*** Extracted data
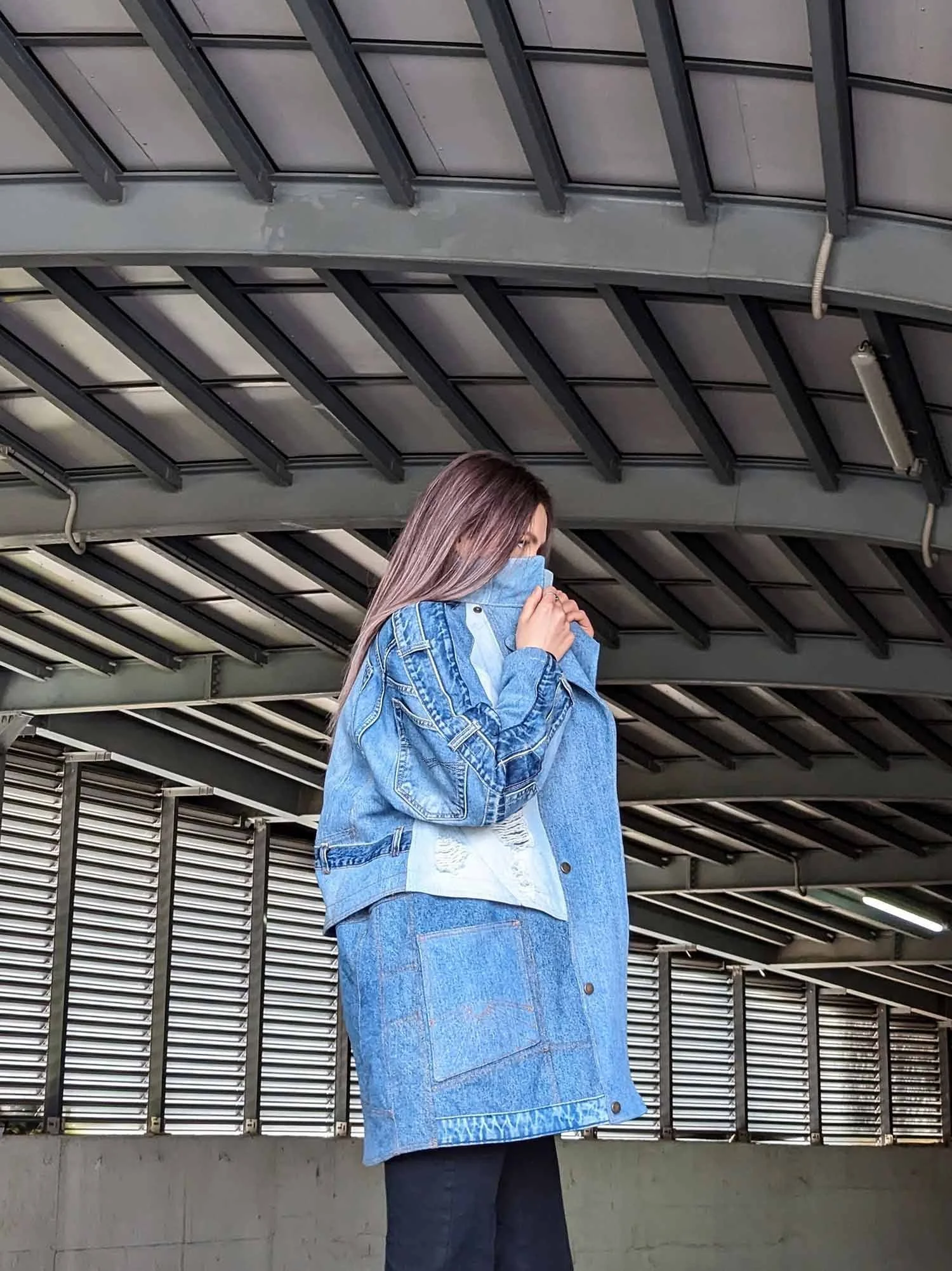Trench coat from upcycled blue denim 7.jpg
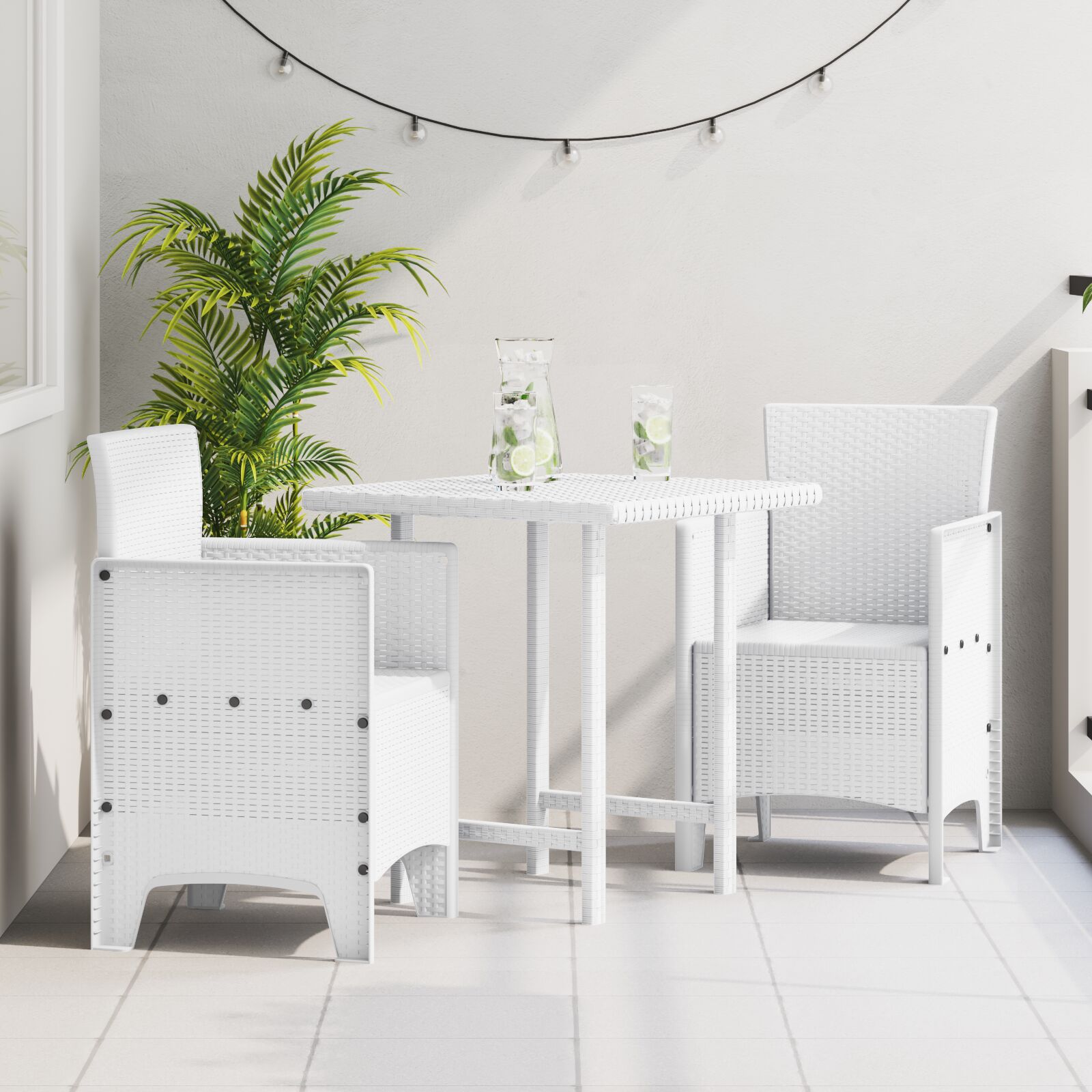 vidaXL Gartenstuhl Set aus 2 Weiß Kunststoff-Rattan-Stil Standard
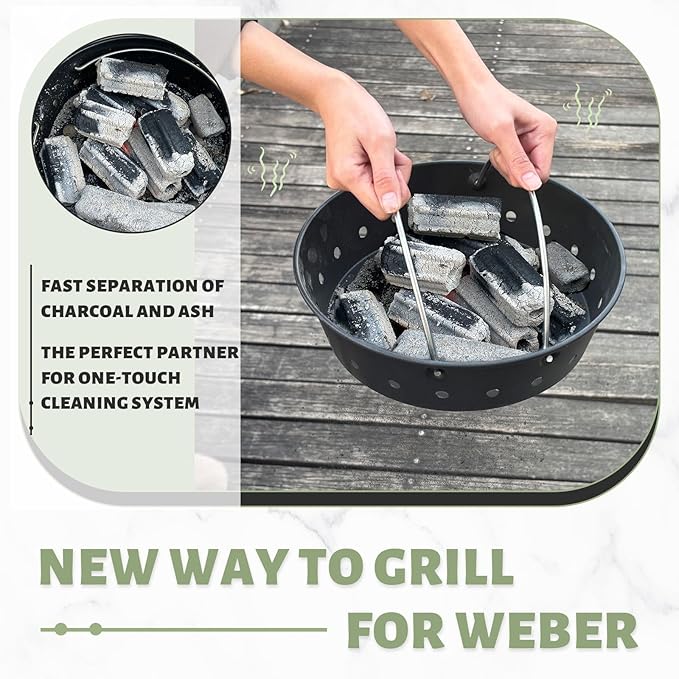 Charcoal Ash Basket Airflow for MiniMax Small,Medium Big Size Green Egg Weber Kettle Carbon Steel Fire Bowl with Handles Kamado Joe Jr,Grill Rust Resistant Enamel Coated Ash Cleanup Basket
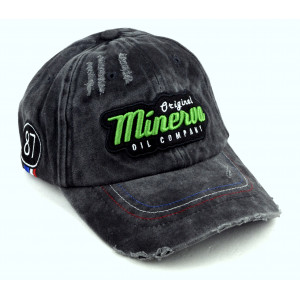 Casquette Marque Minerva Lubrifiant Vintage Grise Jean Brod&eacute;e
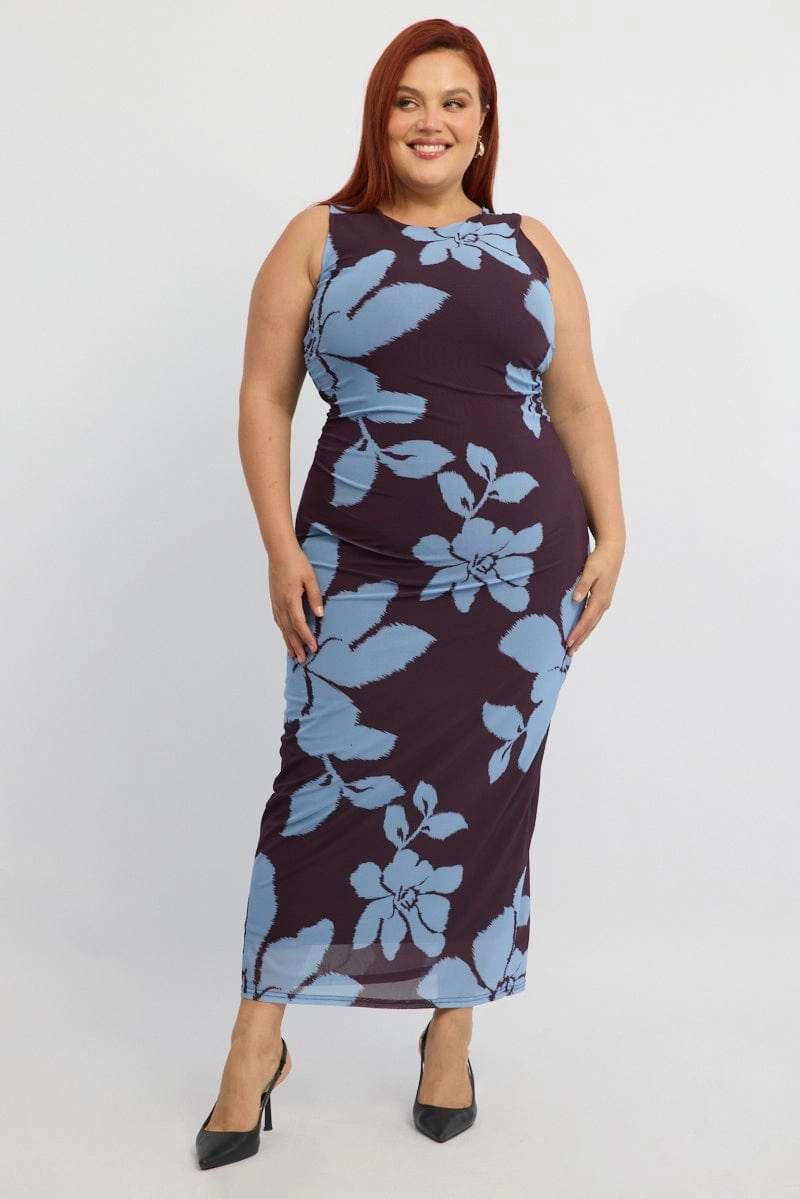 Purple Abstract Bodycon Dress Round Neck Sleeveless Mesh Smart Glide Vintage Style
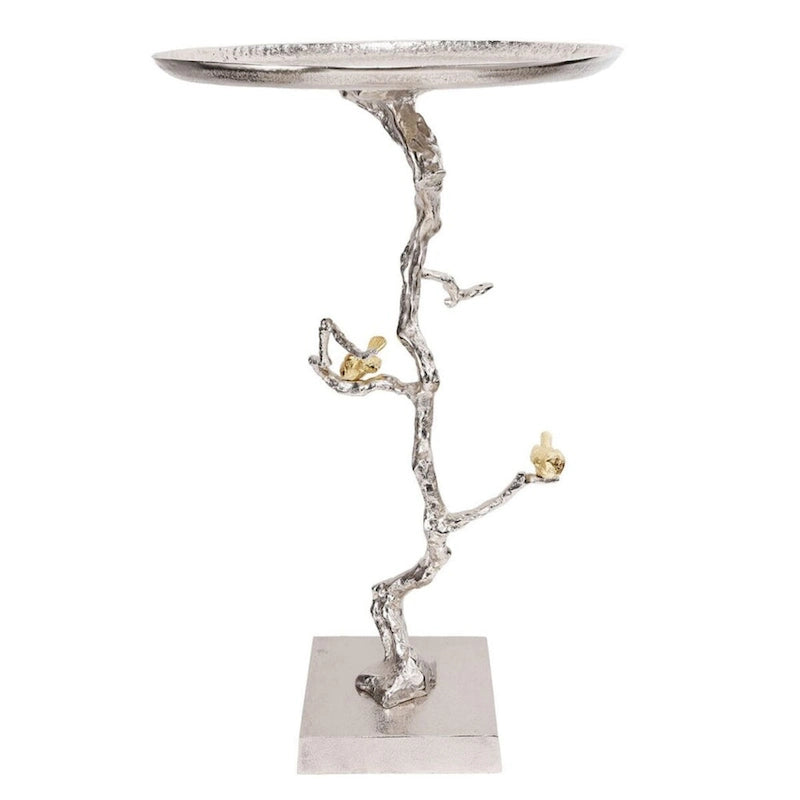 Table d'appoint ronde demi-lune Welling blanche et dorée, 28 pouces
******
From the line with "vidaXL Gartenstuhl Set" to the final line of the records, inclusive, set down the lines exactly and add nothing; leave every picture out.

▸ **Exercise solution**:
 vidaXL Gartenstuhl Set aus 2 Weiß Kunststoff-Rattan-Stil Standard
 Charcoal Ash Basket Airflow for MiniMax Small,Medium Big Size Green Egg Weber Kettle Carbon Steel Fire Bowl with Handles Kamado Joe Jr,Grill Rust Resistant Enamel Coated Ash Cleanup Basket
 Casquette Marque Minerva Lubrifiant Vintage Grise Jean Brod&eacute;e
 Purple Abstract Bodycon Dress Round Neck Sleeveless Mesh Smart Glide Vintage Style
 Table d'appoint ronde demi-lune Welling blanche et dorée, 28 pouces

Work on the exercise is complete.